TASK ITEM – Retype word for word the line containing "SONY カセット WALKMAN" and each line that follows it in the records below, through the last one, with no pictures.

MATERIAL FOR THE TASK –
□ □ □ □
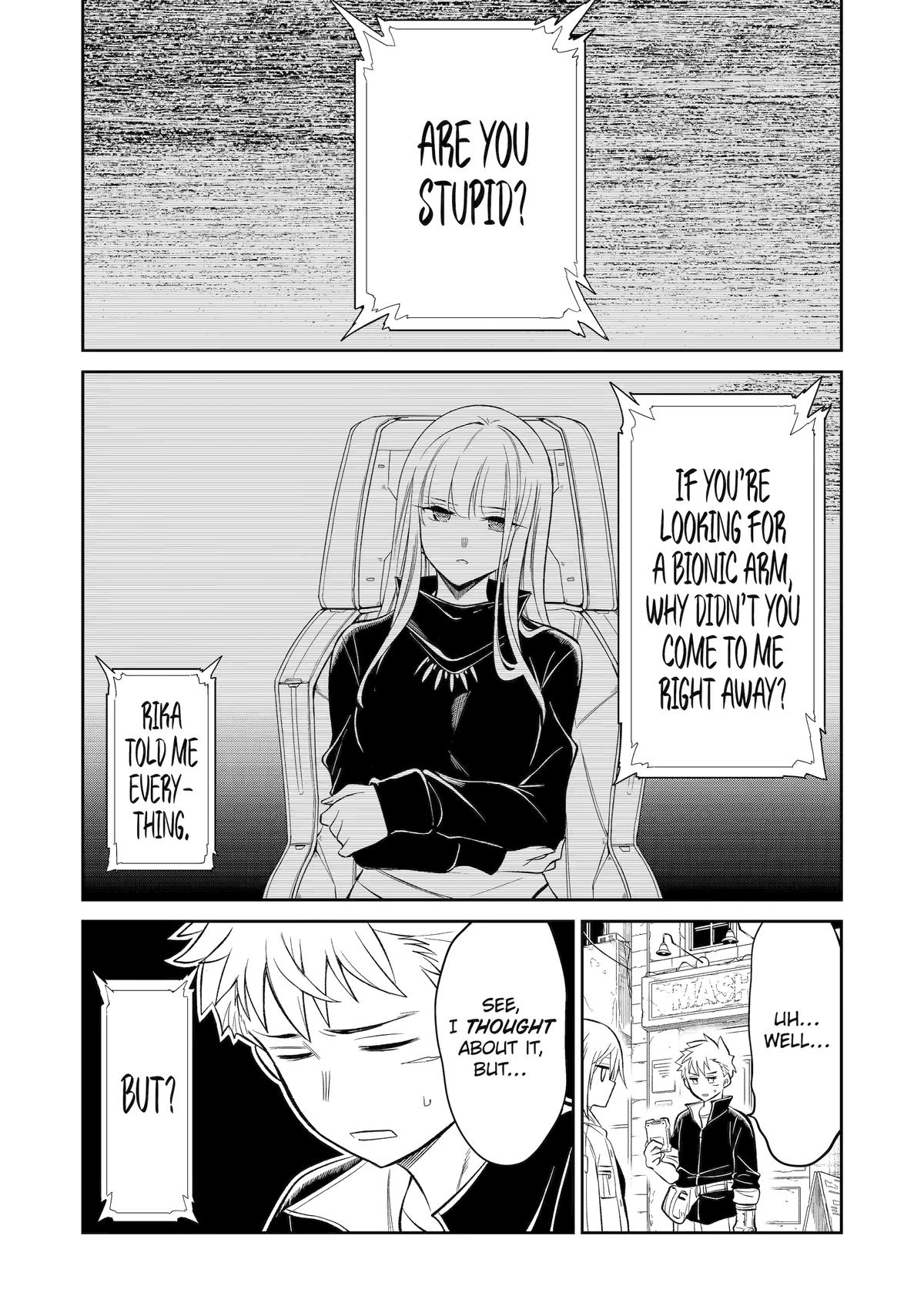 Mechanical Buddy Universe 1.0 Chapter 35 page 13 - 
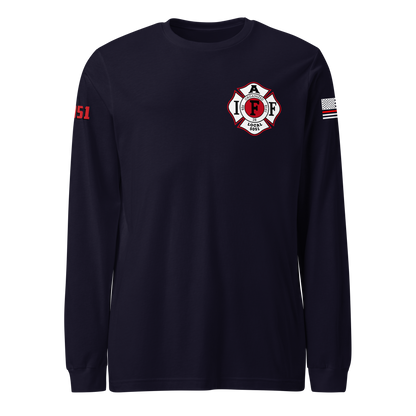 Roseville Fire - Color - Local 5051 (White) - Collection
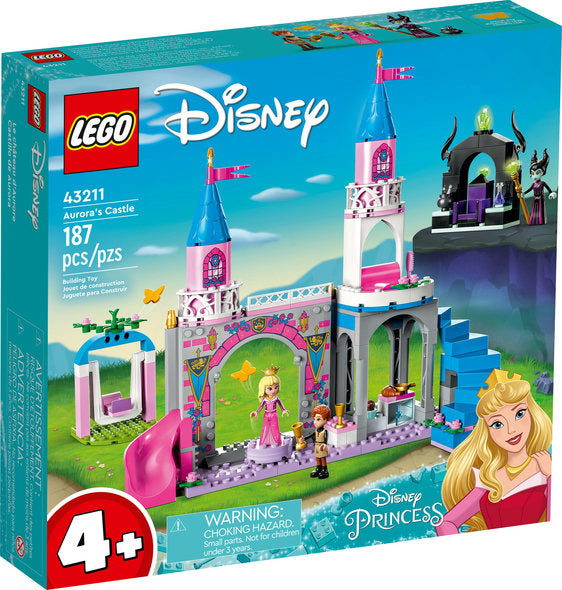 LEGO 43211 Aurora's Castle V39 Disney Princess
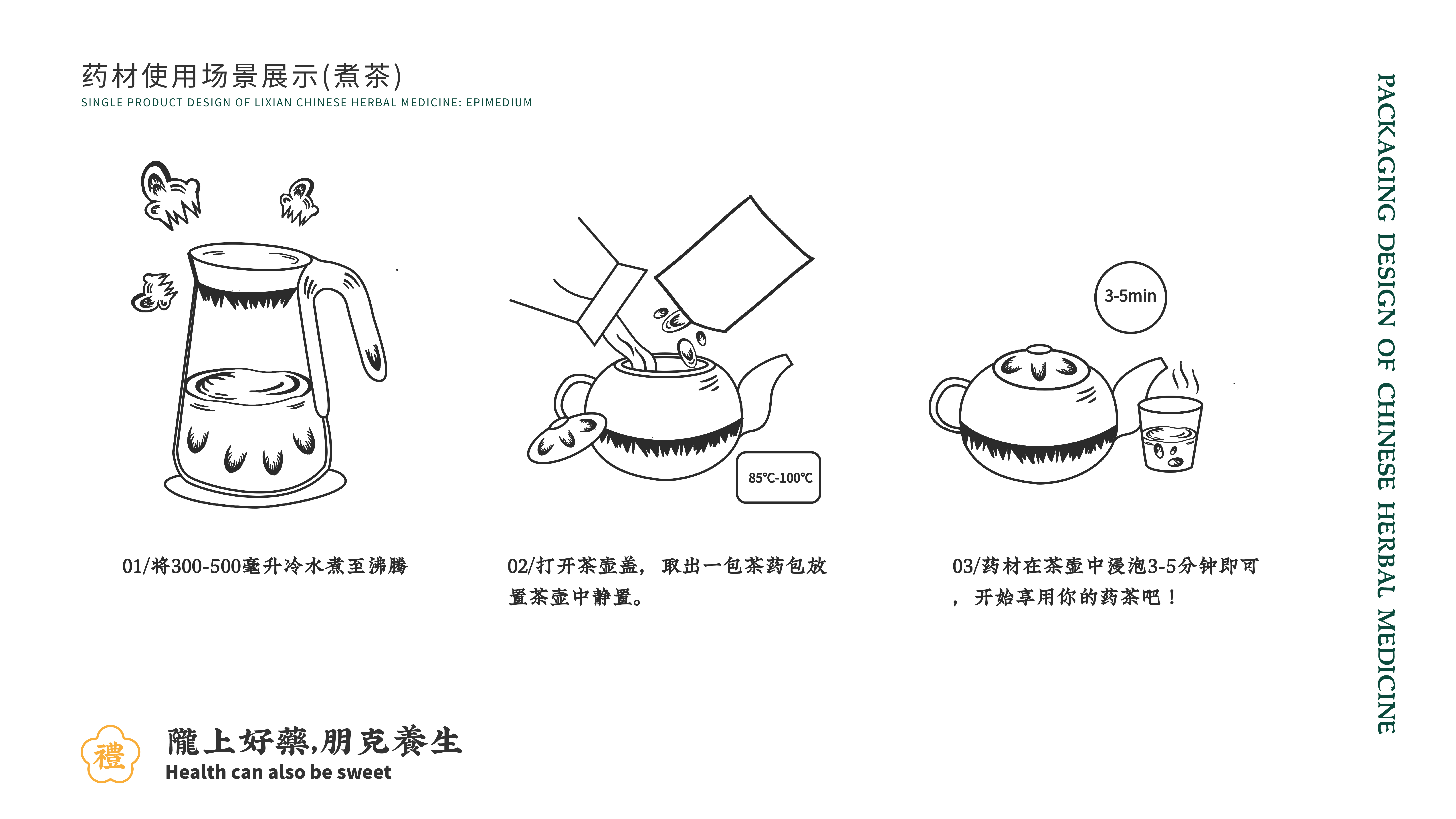 Chinese herbal medicine，Li County, Gansu Province，Alibaba，packing design，epimedium，Herb pack，rural vitalization，agriculture products，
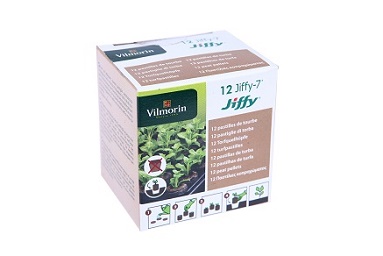 VILMORIN JIFFY GSM PRASOWANE PODŁOŻE - 12 SZT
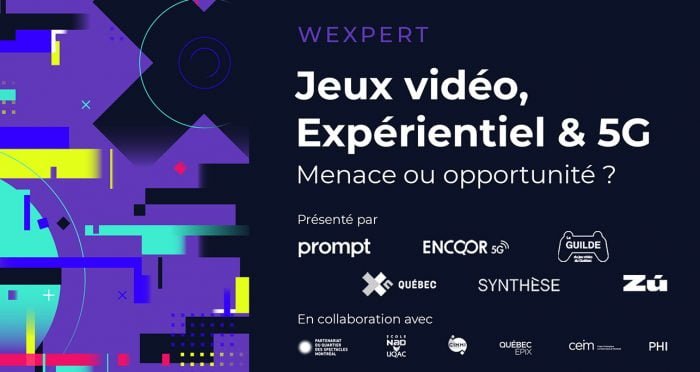 Webinaire | Jeux Vidéo, Expérientiel et 5G : menace ou opportunités ?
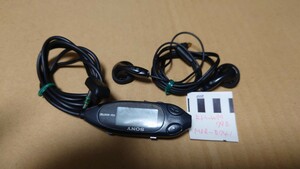 SONY カセット WALKMAN リモコン ウォークマン RM-WM79E/イヤホンMDR-E741 動作未確認ジャンク
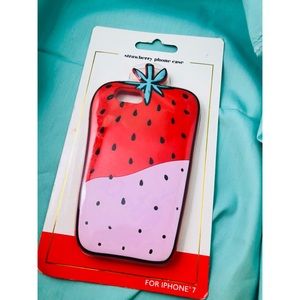 Strawberry Iphone 7 Case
□ □ □ □
RESULT –
 SONY カセット WALKMAN リモコン ウォークマン RM-WM79E/イヤホンMDR-E741 動作未確認ジャンク
 Strawberry Iphone 7 Case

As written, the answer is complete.